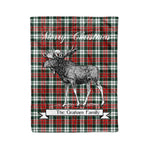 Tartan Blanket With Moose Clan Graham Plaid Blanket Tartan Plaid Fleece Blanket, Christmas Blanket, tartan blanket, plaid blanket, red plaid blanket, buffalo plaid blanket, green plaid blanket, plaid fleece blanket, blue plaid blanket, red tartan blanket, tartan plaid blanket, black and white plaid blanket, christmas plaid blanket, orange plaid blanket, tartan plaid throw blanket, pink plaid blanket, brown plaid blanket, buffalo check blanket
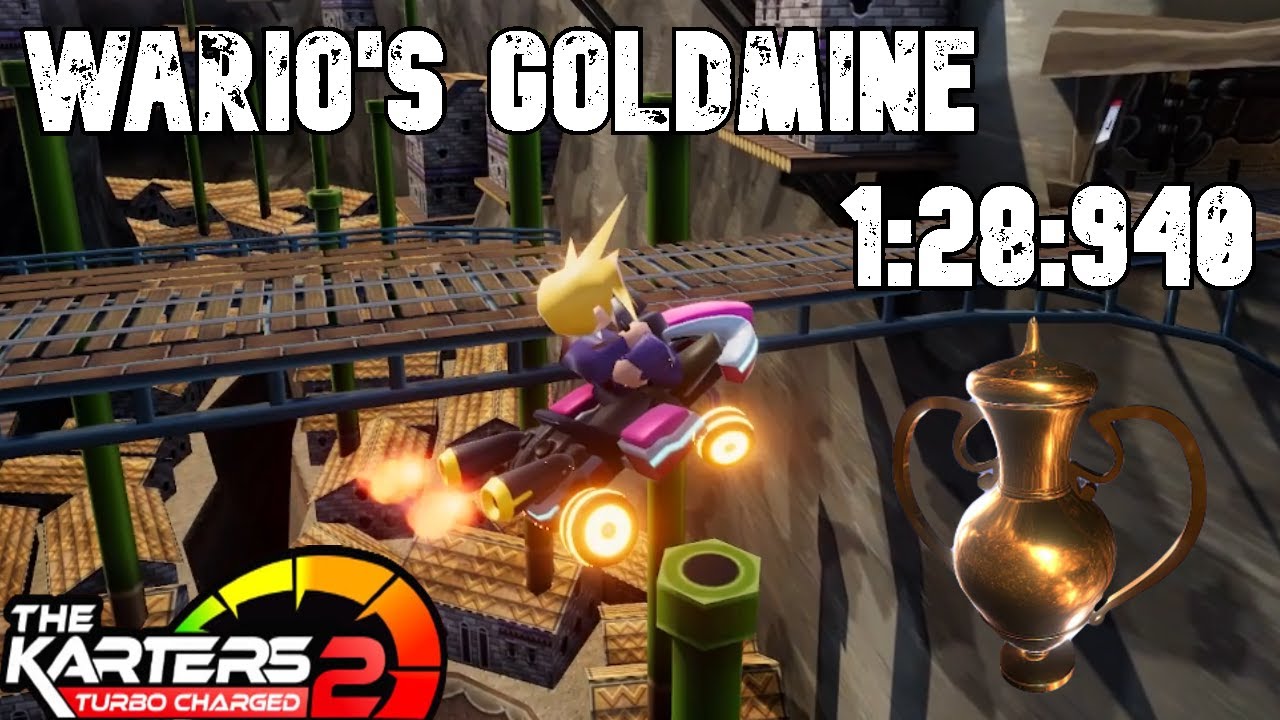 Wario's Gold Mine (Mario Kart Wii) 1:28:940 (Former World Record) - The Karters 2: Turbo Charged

* * *

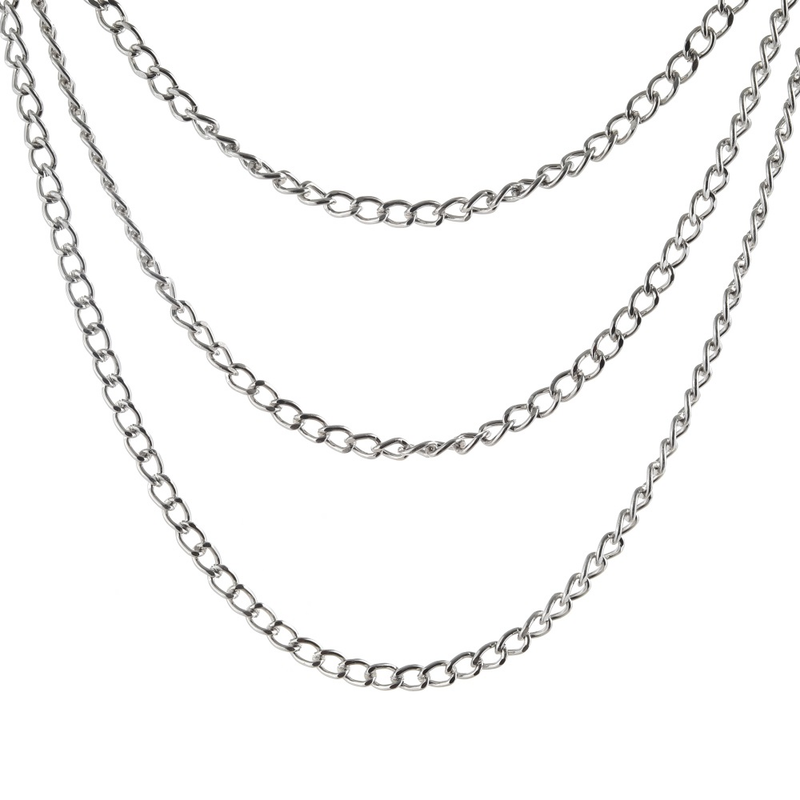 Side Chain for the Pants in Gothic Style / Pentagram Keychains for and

* * *

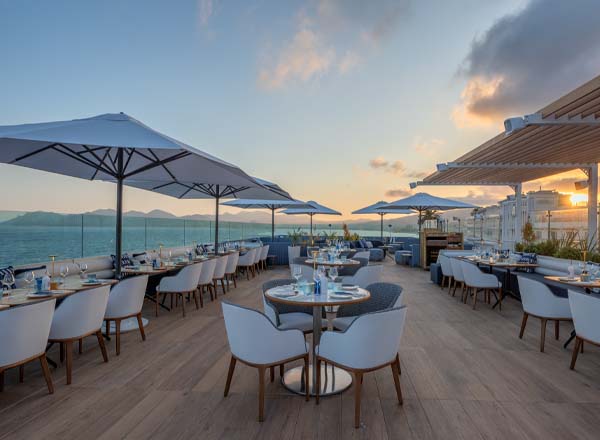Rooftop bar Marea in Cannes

### To do
Could you output exactly the lines above, from the line with "Tartan Blanket With" up to and including the line with "Wario's Gold Mine", and nothing else, skipping the pictures?

### Written response
 Tartan Blanket With Moose Clan Graham Plaid Blanket Tartan Plaid Fleece Blanket, Christmas Blanket, tartan blanket, plaid blanket, red plaid blanket, buffalo plaid blanket, green plaid blanket, plaid fleece blanket, blue plaid blanket, red tartan blanket, tartan plaid blanket, black and white plaid blanket, christmas plaid blanket, orange plaid blanket, tartan plaid throw blanket, pink plaid blanket, brown plaid blanket, buffalo check blanket
 Wario's Gold Mine (Mario Kart Wii) 1:28:940 (Former World Record) - The Karters 2: Turbo Charged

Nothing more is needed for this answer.